- DATA FOR REVIEW:
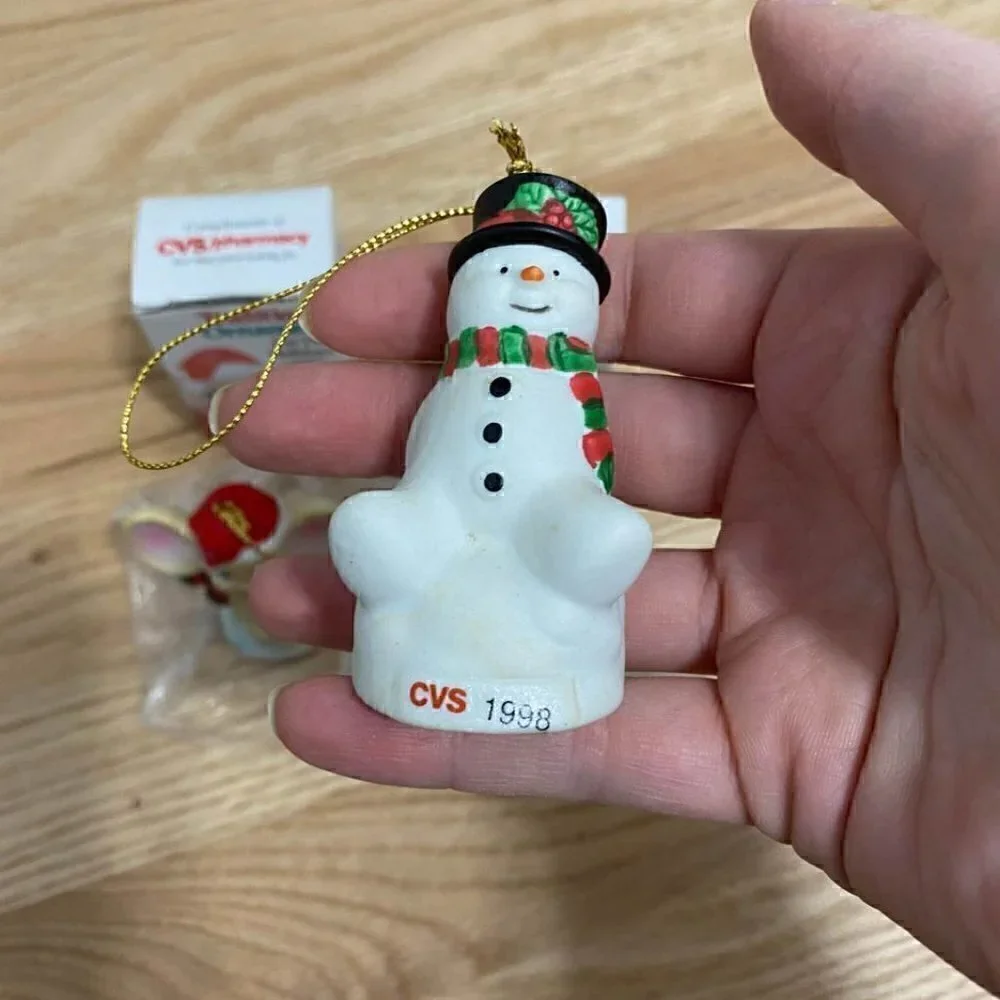 Vintage CVS Christmas Ornaments Mouse Snowman NEW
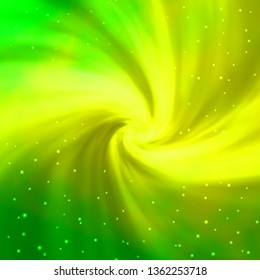 Light Green, Yellow vector background with small and big stars. Decorative illustration with stars on abstract template. Theme for cell phones.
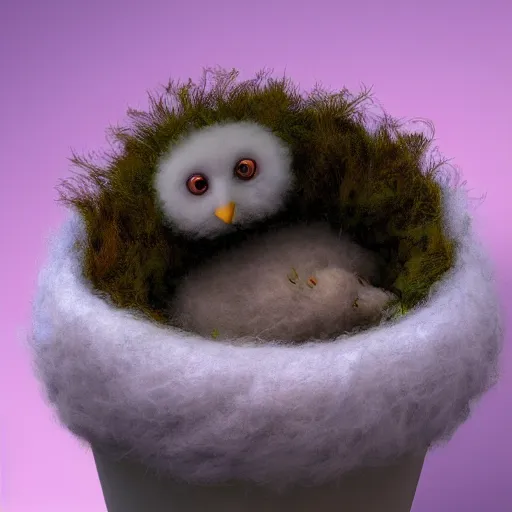 Image similar to long shot of a very fluffy wool chick nesting in a floral cup, esao andrews, by m. w. kaluta, humorous illustration, hyperrealistic, tilt shift, warm colors, night scenery, low light, 3 d octane render, 4 k, volumetric lights, smooth, cosy atmosphere, conceptart, hyperdetailed, trending on deviantart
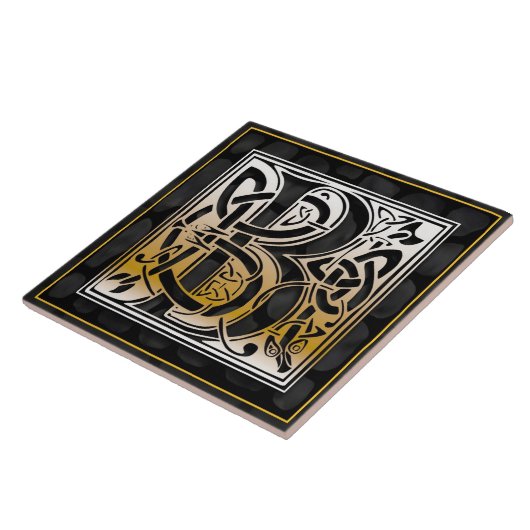 Celtic Black Stone B Monogram Initiaal Tile Tegeltje (Zijkant)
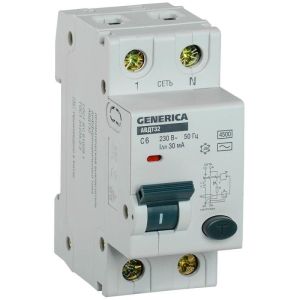Выключатель автоматический дифференциального тока C6 30мА АВДТ 32 GENERICA IEK MAD25-5-006-C-30
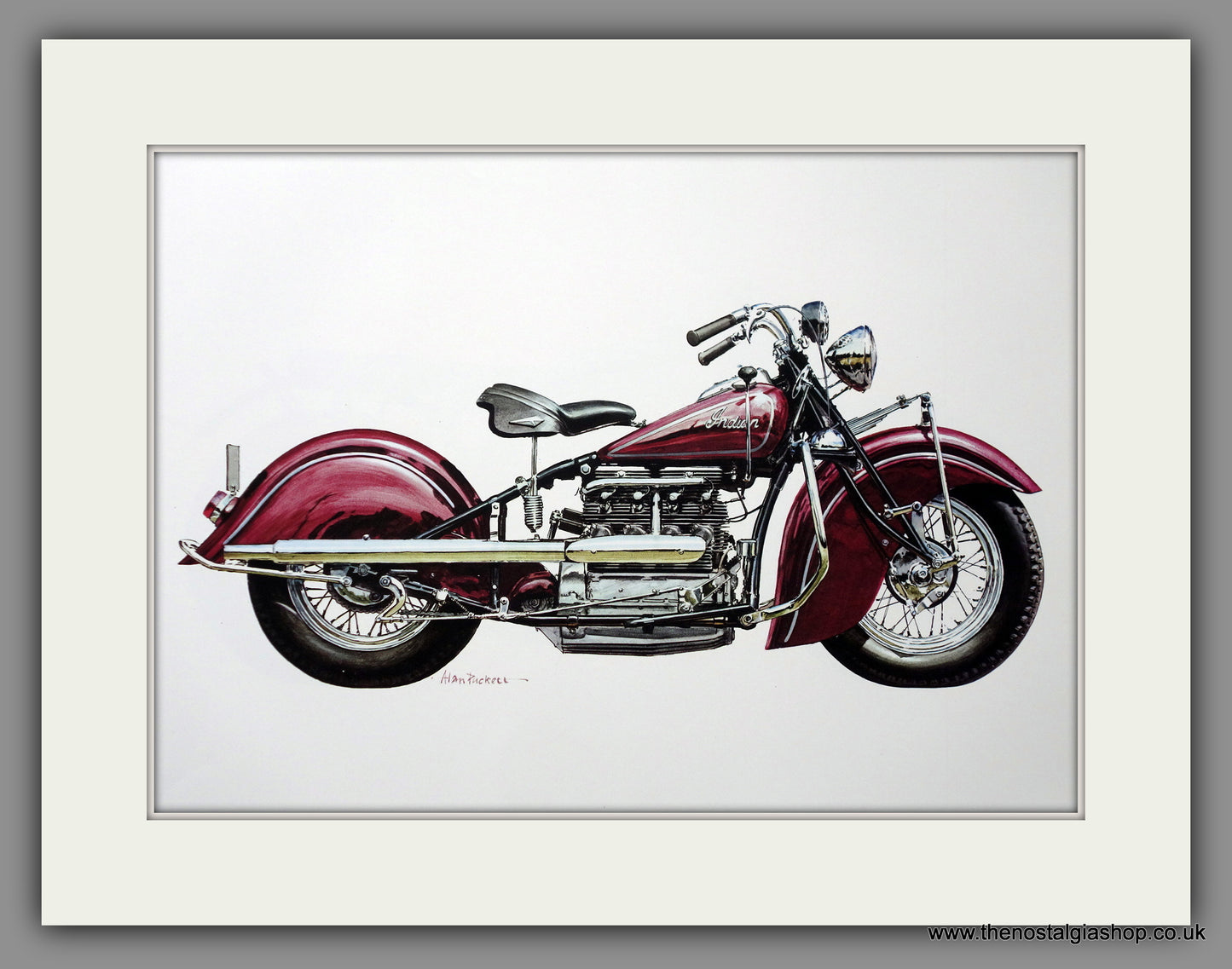 Indian 4 1938. Motorcycle Print 1970's (ref PR3059)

- TASK TO COMPLETE: In the listing above, find the line containing "Light Green, Yellow" and the line containing "Image similar to", then print exactly those two lines and every line between them, minus the pictures.

- WRITTEN RESPONSE:
 Light Green, Yellow vector background with small and big stars. Decorative illustration with stars on abstract template. Theme for cell phones.
 Image similar to long shot of a very fluffy wool chick nesting in a floral cup, esao andrews, by m. w. kaluta, humorous illustration, hyperrealistic, tilt shift, warm colors, night scenery, low light, 3 d octane render, 4 k, volumetric lights, smooth, cosy atmosphere, conceptart, hyperdetailed, trending on deviantart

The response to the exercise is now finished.